* _PROBLEM TO WORK ON_:
Pictures appear among the records below and must be omitted. Repeat exactly the lines from the line with "Как зарегистрировать чек" to the line with "Bala - Bars 2lb - Charcoal", both included.

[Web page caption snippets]
***
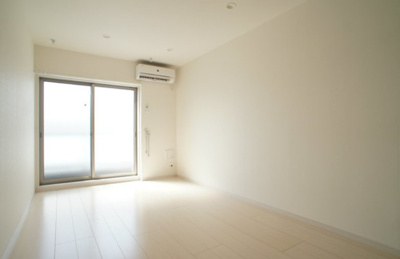 【居間・リビング】 | リブリ・GranTerrace | ※同仕様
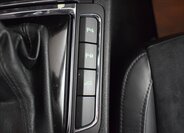 Škoda Superb Kombi 2,0 l 125 kw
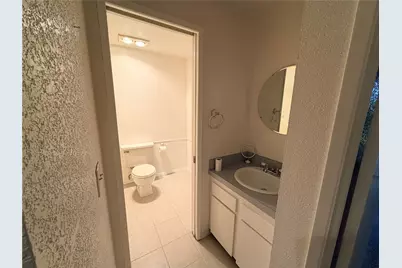15392 62nd Avenue S #C5, Tukwila, WA 98188 - Photo 17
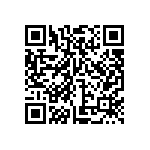 SIT8208AI-81-25S-6-000000Y QRCode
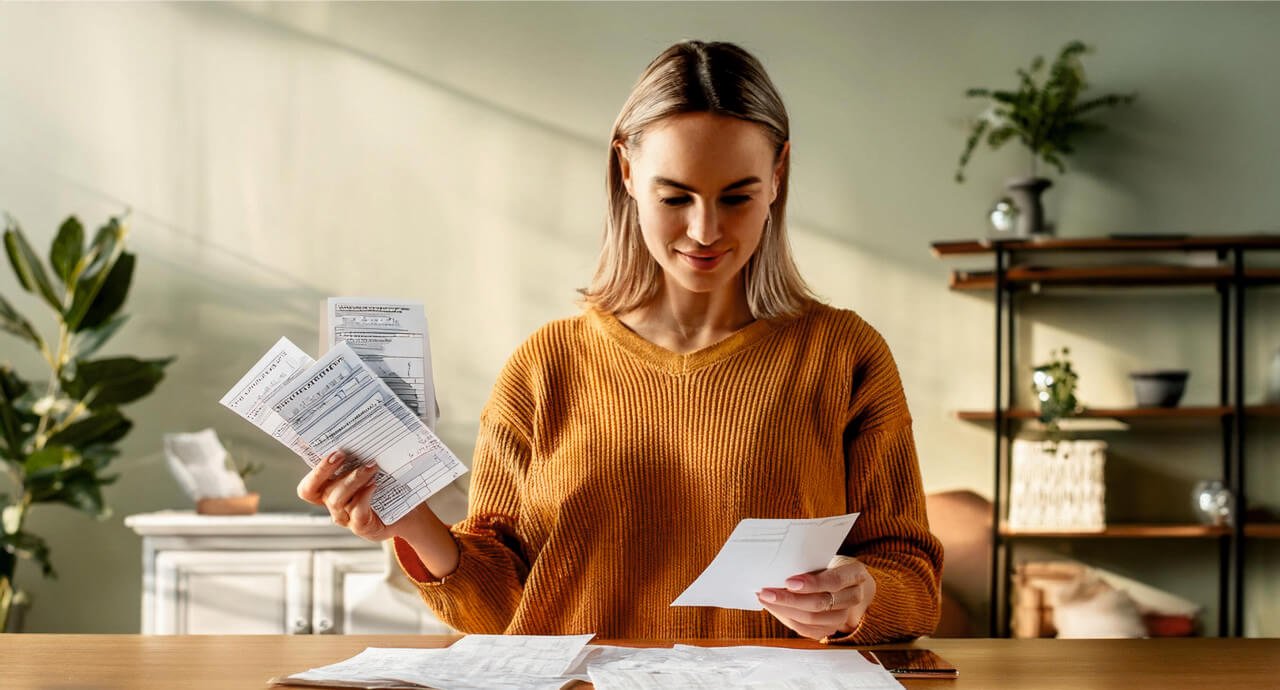 Как зарегистрировать чек на сайте победаподарки рф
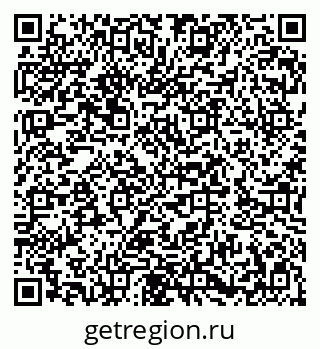79282687851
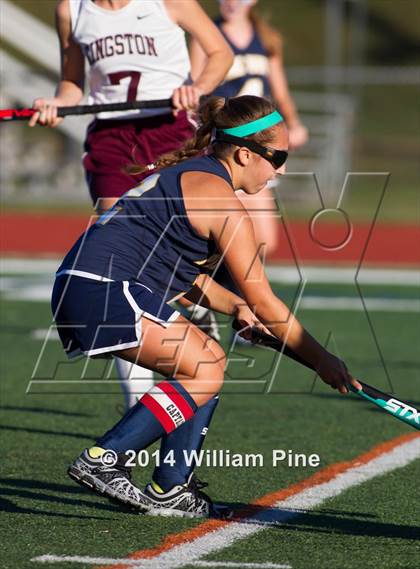Thumbnail 3 in  Pine Bush @ Kingston photogallery.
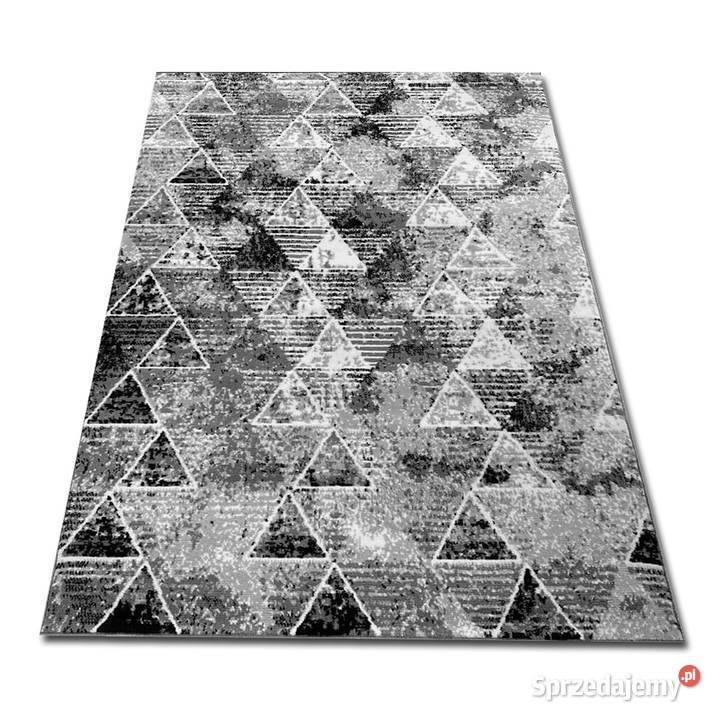 DYWAN 200x300 DO SALONU GĘSTY WŁOS LAILA 15750 2m sprzedam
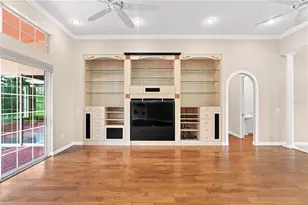 8698 Mississippi Run, Weeki Wachee, FL 34613 - Photo 23
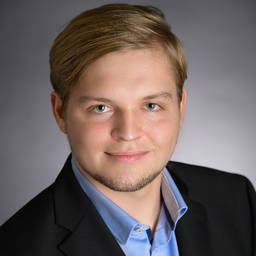 Kurt Ehrenreich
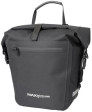 Brašna MAX1 Pannier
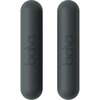 Bala - Bars 2lb - Charcoal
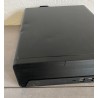 HP ProDesk 600 G6 SFF, intel Core i5-10400F HexaCore, 16GB DDR4, 512GB, nVidia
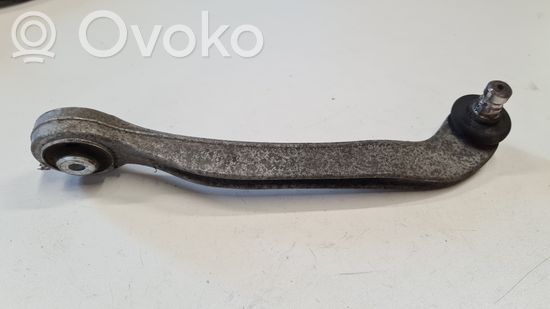 Audi A6 S6 C6 4F Front control arm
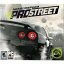 Need For Speed: ProStreet PC Racing game Download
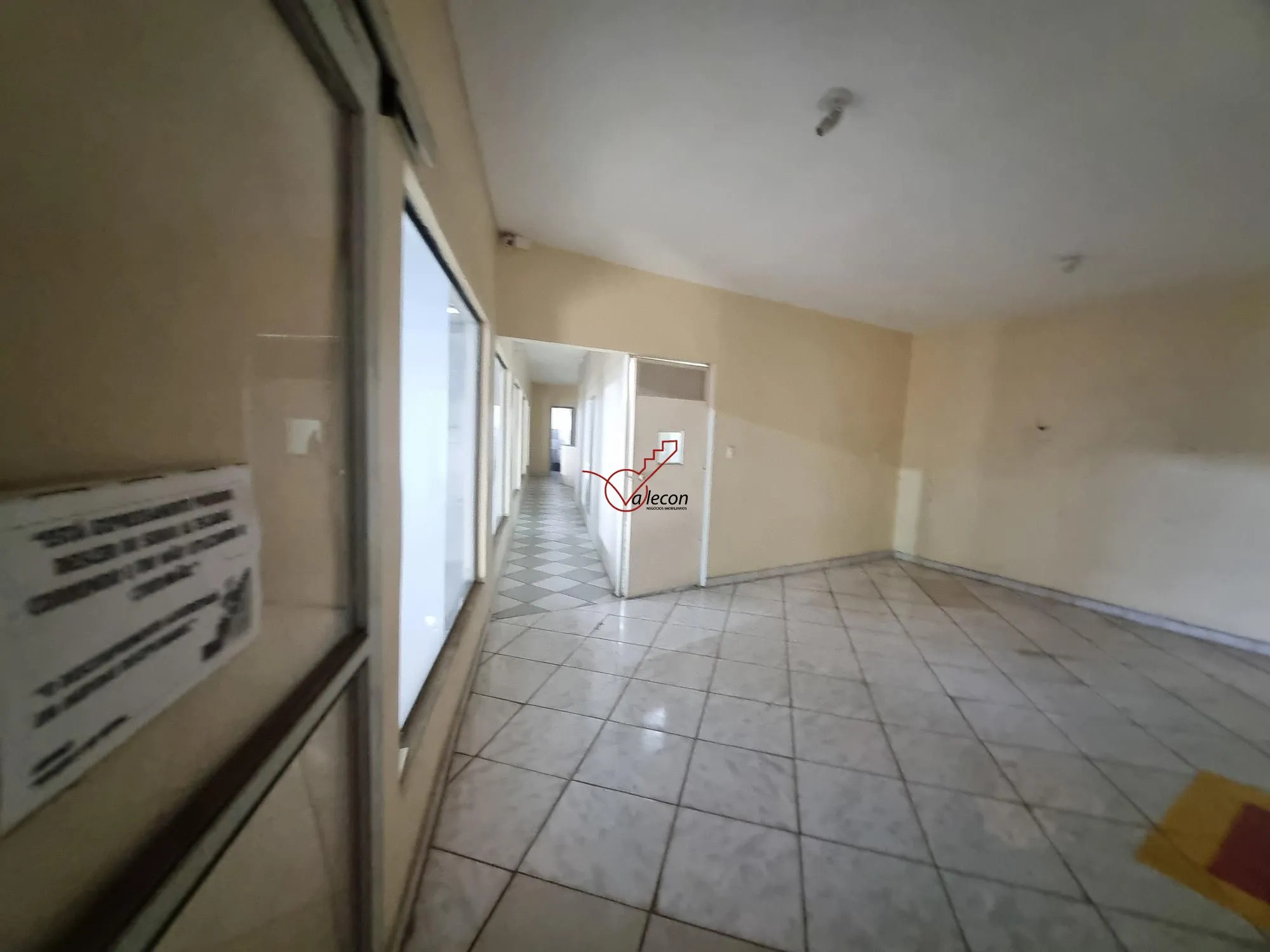 Depósito-Galpão - Foto 42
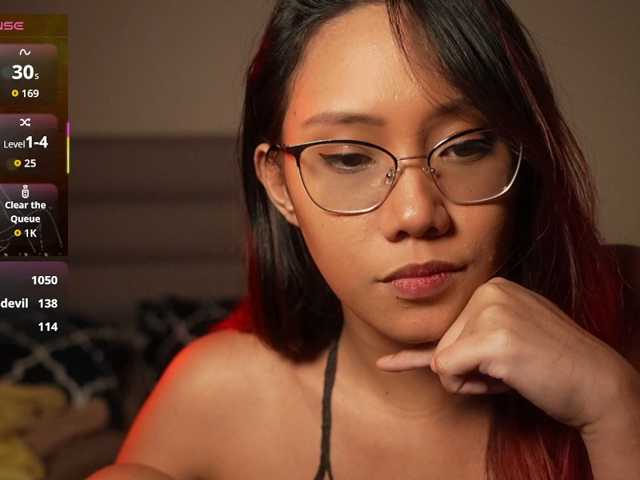 VexaNyx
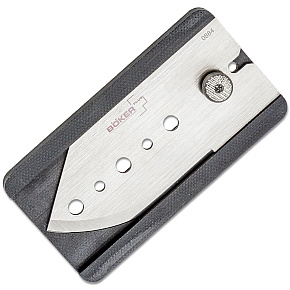 Boker Slyde-R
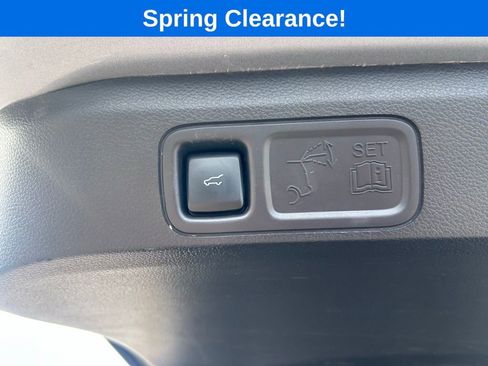 Used 2024 Lincoln Navigator Premiere AWD/4WD image 49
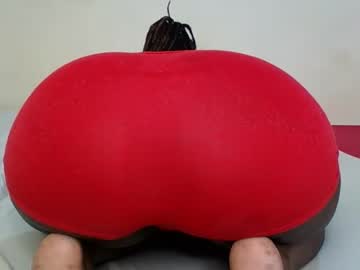 Girlnextdoor60 February 10, 2026 Chaturbate stream image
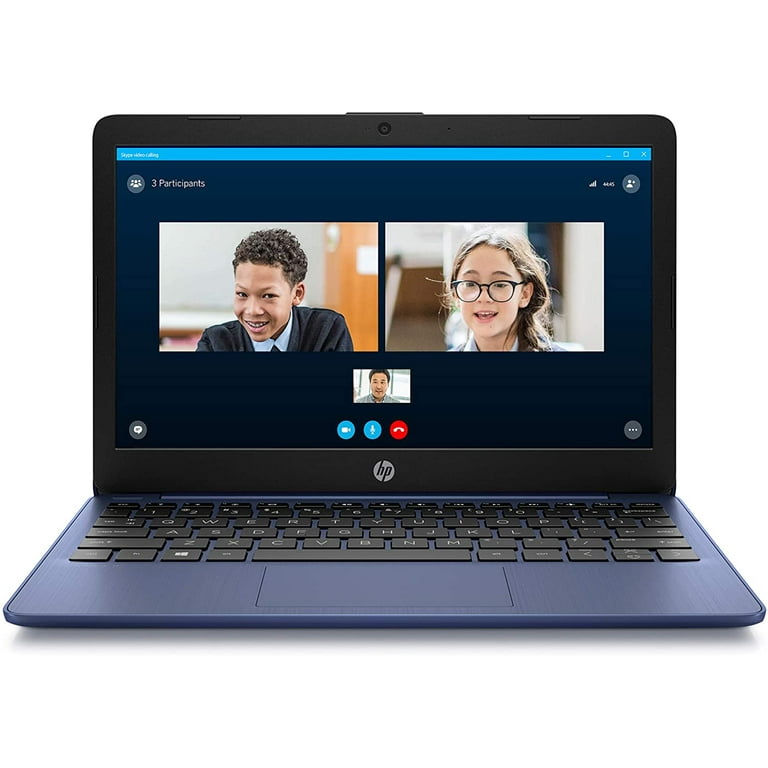 HP Stream Laptop 11.6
***
* _SOLUTION TO THIS PROBLEM_:
 Как зарегистрировать чек на сайте победаподарки рф
79282687851
Thumbnail 3 in  Pine Bush @ Kingston photogallery.
 DYWAN 200x300 DO SALONU GĘSTY WŁOS LAILA 15750 2m sprzedam
 8698 Mississippi Run, Weeki Wachee, FL 34613 - Photo 23
 Kurt Ehrenreich
 Brašna MAX1 Pannier
 Bala - Bars 2lb - Charcoal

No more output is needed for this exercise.